譚紹寧到京城後,原本是要休整幾日就繼續往東走去遼東的,但是今年的雪太大了,下個不停,大雪封路,不太好走,就決定乾脆等天氣暖和一些再走。

譚紹寧一直在韓府住著,方才他到園子裡閒逛,不料竟然撞見了故人,一時心驚肉跳,久久不能回神。

韓昀義走到譚紹寧身邊,見他還直愣愣地站在那裡沒有反應。

“紹寧,你怎麼了?”韓昀義出聲問。

譚紹寧回過神來,看了韓昀義一眼,搖了搖頭,“沒事。”

韓昀義在圈椅裡坐了下來,嘆口氣道:“方才那位昭寧公主突然來了,我不知其來意,她像是想套我的話,我小心應付著,誰知她竟突然說聖上有意給我和她做媒,給我嚇得話都不會說了。”

譚紹寧背對著韓昀義,看不見他臉上的表情,身形卻是明顯一僵。

他緩緩轉過身來,臉上情緒寥寥,“聖上想要你做昭寧公主的駙馬?”

韓昀義表情凝重地點了點頭,“我估計聖上這樣的安排,就是不放心我,想讓公主拴住我。唉,這進一趟京,居然惹上這麼個麻煩。”

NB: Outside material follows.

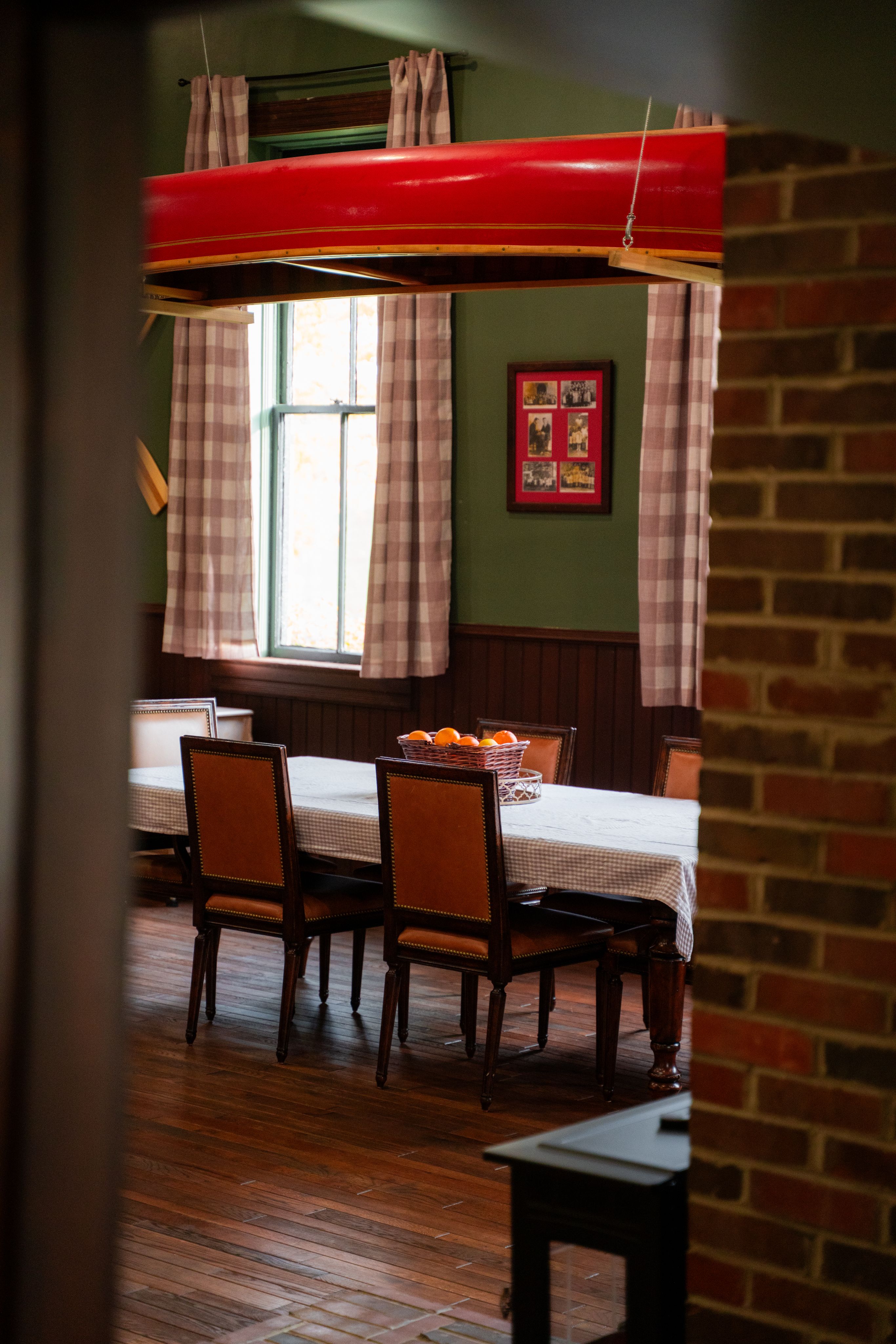 image of dinner table with canoe above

譚紹寧站在窗邊,揹著光,臉上晦暗不明,“昭寧公主是皇室血脈,聖上寵愛有加,想把公主許配給韓兄,也是看重你。”

韓昀義臉上沒有一點高興的表情,“公主自然是千好萬好,可那樣金尊玉貴的人,娶回家哪裡是做媳婦,那是得當祖宗供起來的,我這命小福薄的,怕是承受不起。”

譚紹寧聽著他的抱怨,沉默片刻後,問他:“那公主怎麼說?”

說起這個,韓昀義臉又開始發紅發熱,“公主……公主說,她覺得我還不錯。”

譚紹寧看著他,不說話了。

韓昀義一臉苦惱,“我聽說昭寧公主府上有不少……她閱人無數,而我資質平平,她不至於就這麼看上我了吧。”

譚紹寧淡笑一聲說:“韓兄本就是個中翹楚,能得公主芳心也實屬正常。”

韓昀義扼腕長嘆,“如果公主真要與我成婚,那不管我樂不樂意,豈不是都得從啊。”

譚紹寧扯了下嘴角,沒有再接話。

……

接連過去幾日,謝從謹的人都盯著江濯的動靜,每日去哪兒,見什麼人都被一一記錄下來呈報給謝從謹。

謝從謹勢必要從這個人身上查出點什麼,奈何最近他有些風寒,便被甄玉蘅拘在家裡辦公。

外面下著雪,書房裡燃著幾個火盆,把整間屋子烘得熱融融的,謝從謹坐在書案前,手邊是剛熬好的冒著熱氣的湯藥,甄玉蘅坐在他身邊,翻看著下屬的呈報,讀給謝從謹聽。

平日這活是飛葉做,現在在家,甄玉蘅便接手了。

甄玉蘅翻著先看一遍,然後撿自己覺得重要的讀給謝從謹聽,謝從謹伸手拿一顆脆冬棗吃,咬得嘎嘣脆,聲音有些含混地說:“你認真點讀。”

甄玉蘅“嘖”了一聲,“我怎麼不認真了?”

謝從謹說:“你別懶省事跳著讀,一個字都不能落。”

甄玉蘅理直氣壯地說:“這有些東西都無關緊要,讀了也是浪費口舌,我光撿重要的讀不就好了?”

“重不重要我說了算。”

謝從謹很強勢,甄玉蘅斜眼瞧著他:“你平時辦公就這樣嗎?你的那些下屬是不是都特別怕你?”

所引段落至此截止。